[[ Information provided, beginning ]]

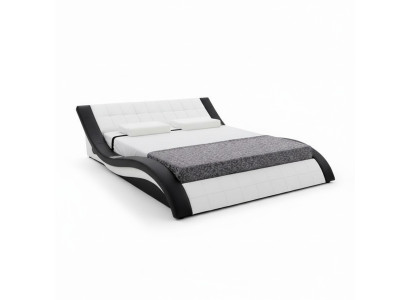 Diseño cama cama grande cuero hotel tapizado 180x200 estantería multifunción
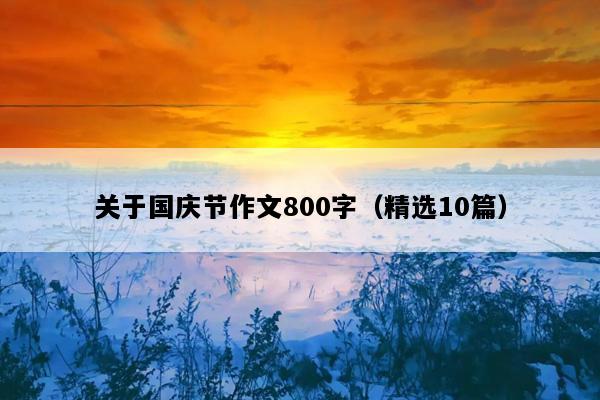 关于国庆节作文800字（精选10篇）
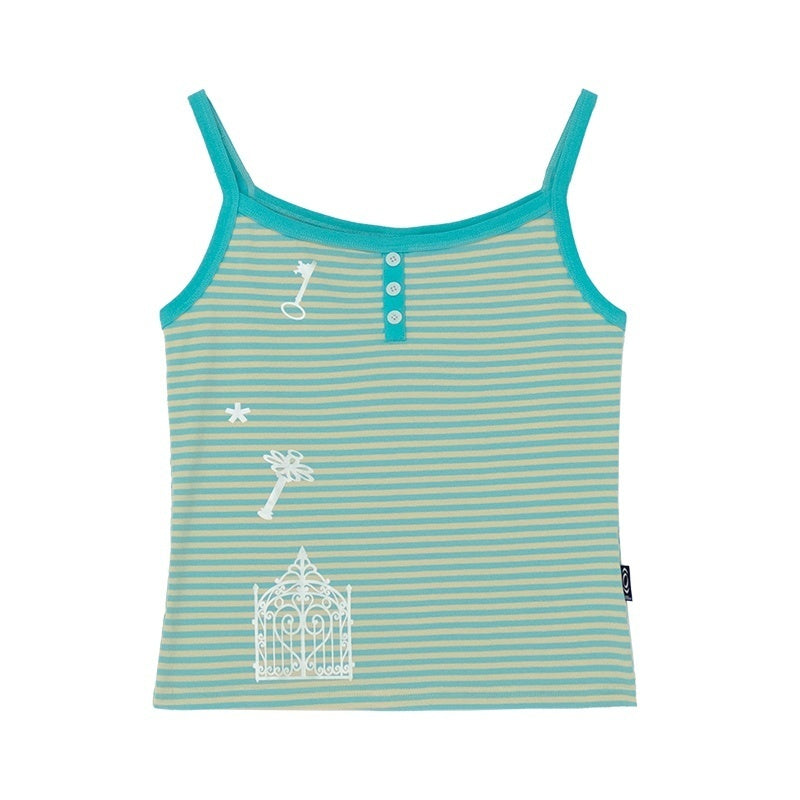 innomoood_Multicolor_Striped_Silver_Foil_Print_Slim_Fit_Women&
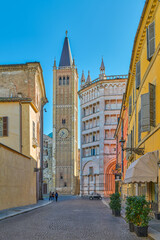 Parma and the Lombard Romanesque style architectures - obrazy, fototapety, plakaty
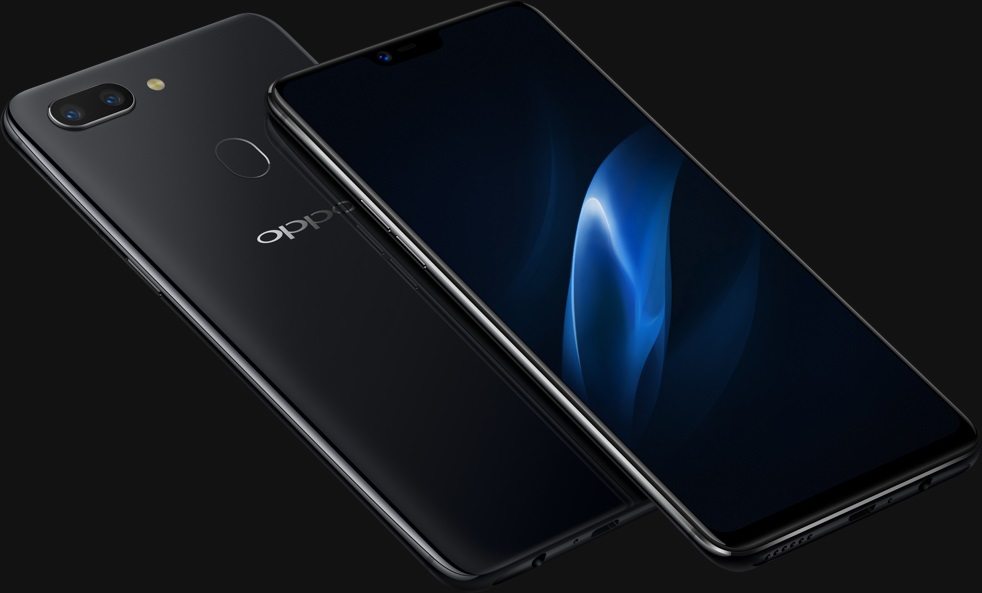 Render oficial del OPPO R15 Dream Mirror Edtion en su variante color "Ceramic Black".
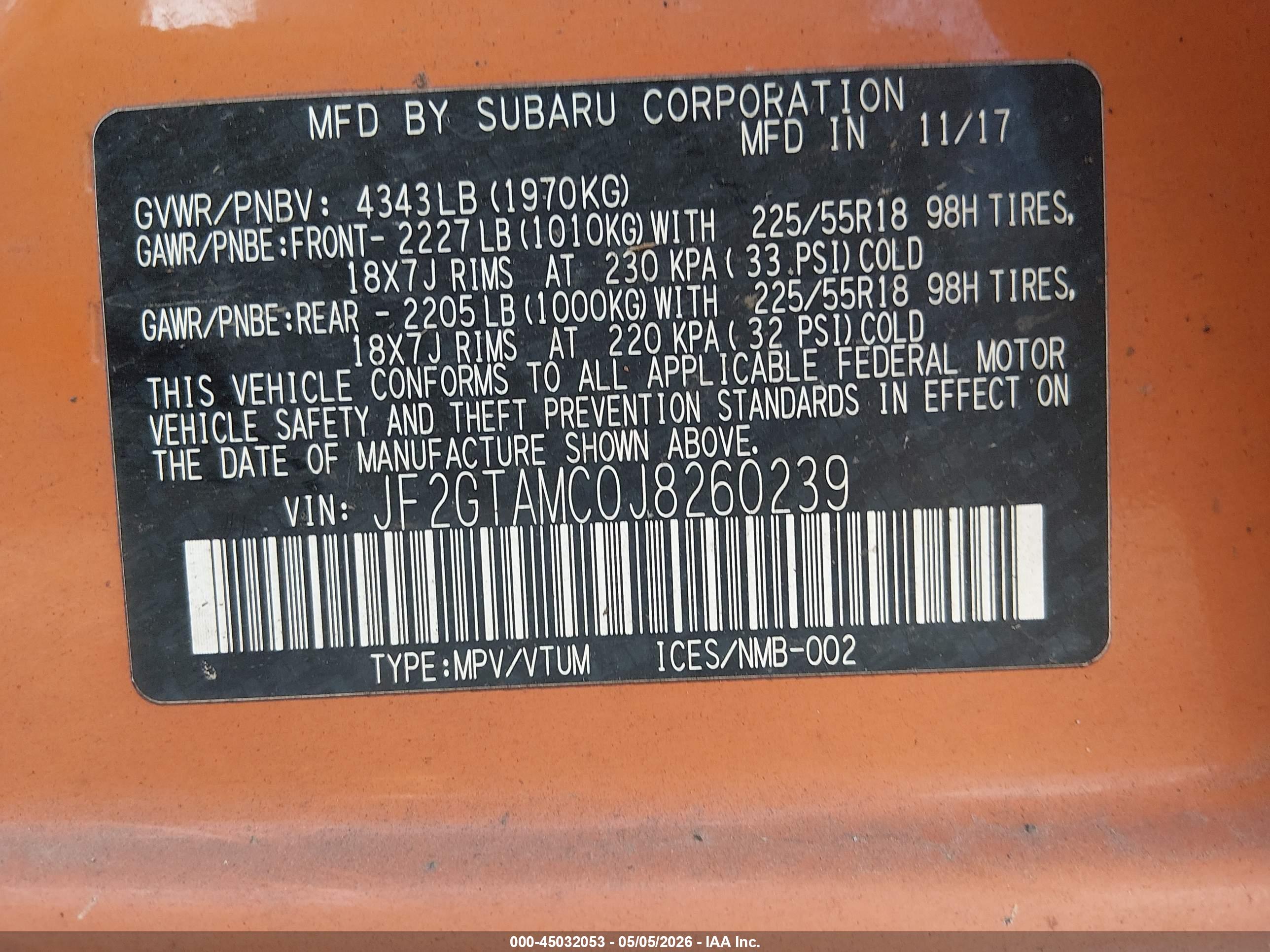 SUBARU CROSSTREK image 9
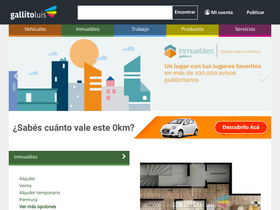 'gallito.com.uy' screenshot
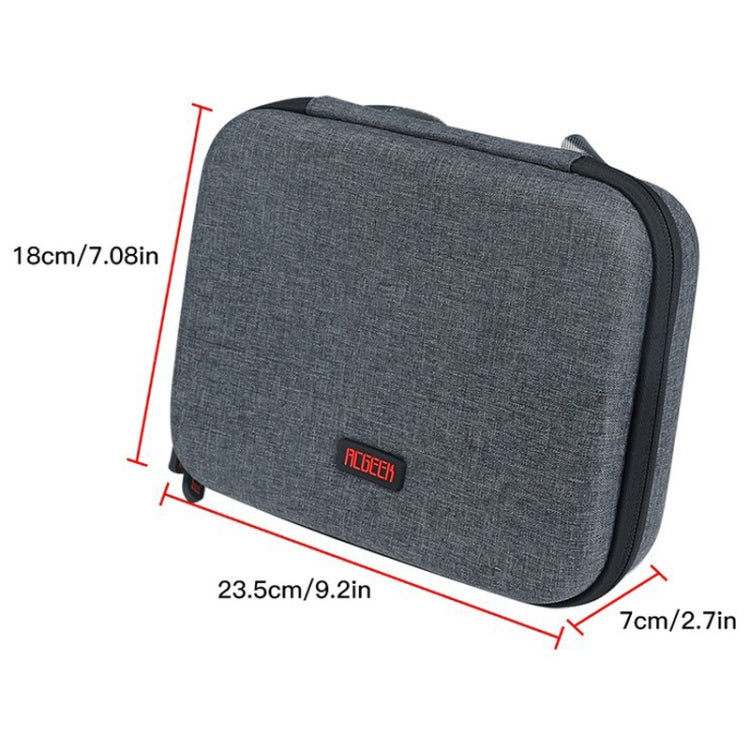 RCGEEK for DJI Action 2 Sports Camera Wear-resistant Shock-absorbing Storage Bag(Grey) - Case & Bags by RCGEEK | Online Shopping South Africa | PMC Jewellery | Buy Now Pay Later Mobicred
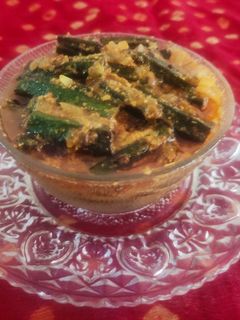 मसाला दही भेंडी (masala dahi bhendi recipe in marathi) रेसिपी चे मुख्य फोटो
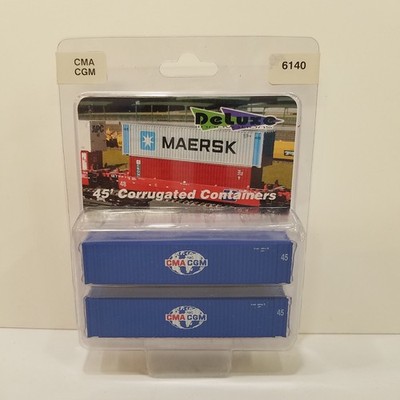 deLuxe innovations N scale 48  smooth side container   2-pk CMA CGM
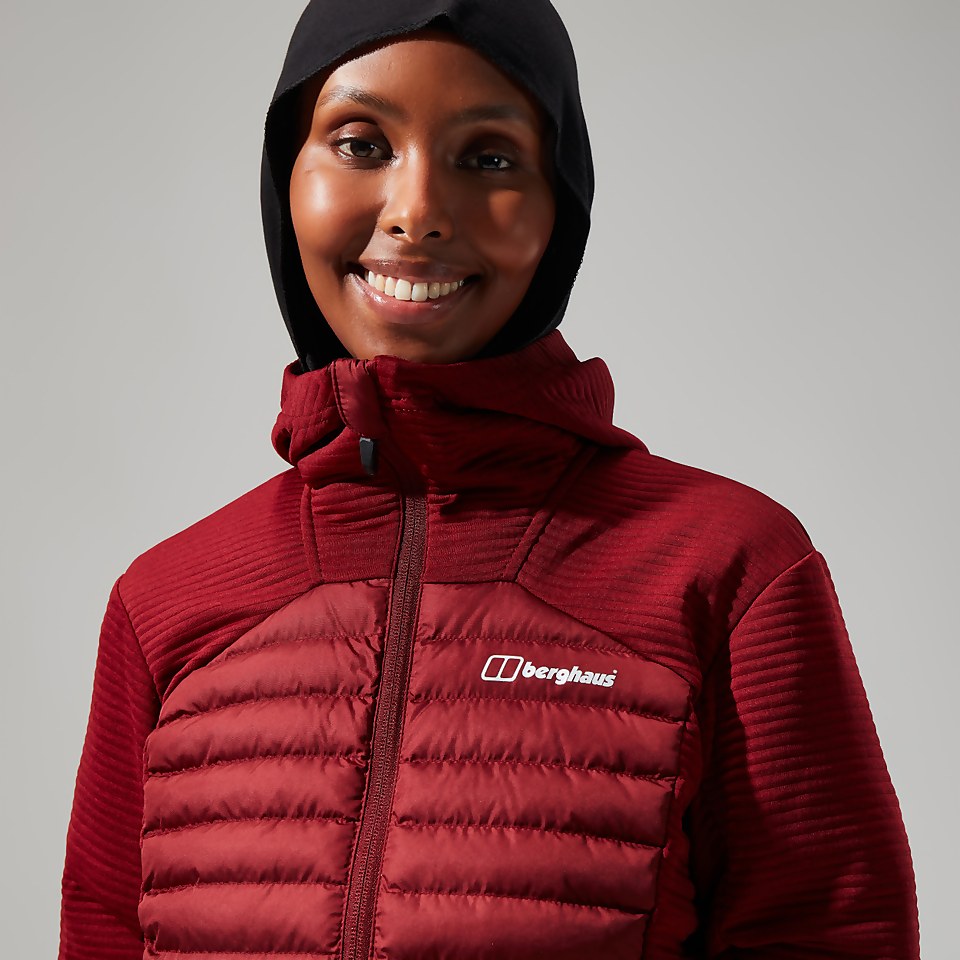 Nula Hybrid Jacken für Damen - Dunkelrot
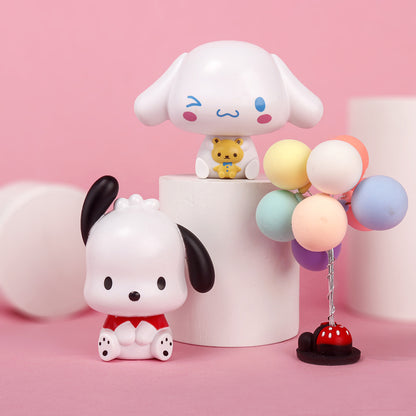 Kawaii Sanrio Figures Toy | Pochacco, Kuromi, Cinnamoroll, Strawberry Bear, Badtz-Maru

[[ Information provided, end ]]

## Instructions to follow
A faithful copy of the entries above is needed, one that contains no images.

## Worked solution
 Diseño cama cama grande cuero hotel tapizado 180x200 estantería multifunción
 关于国庆节作文800字（精选10篇）
 innomoood_Multicolor_Striped_Silver_Foil_Print_Slim_Fit_Women&
 Parma and the Lombard Romanesque style architectures - obrazy, fototapety, plakaty
 Render oficial del OPPO R15 Dream Mirror Edtion en su variante color "Ceramic Black".
 SUBARU CROSSTREK image 9
 'gallito.com.uy' screenshot
 RCGEEK for DJI Action 2 Sports Camera Wear-resistant Shock-absorbing Storage Bag(Grey) - Case & Bags by RCGEEK | Online Shopping South Africa | PMC Jewellery | Buy Now Pay Later Mobicred
 मसाला दही भेंडी (masala dahi bhendi recipe in marathi) रेसिपी चे मुख्य फोटो
 deLuxe innovations N scale 48  smooth side container   2-pk CMA CGM
 Nula Hybrid Jacken für Damen - Dunkelrot
 Kawaii Sanrio Figures Toy | Pochacco, Kuromi, Cinnamoroll, Strawberry Bear, Badtz-Maru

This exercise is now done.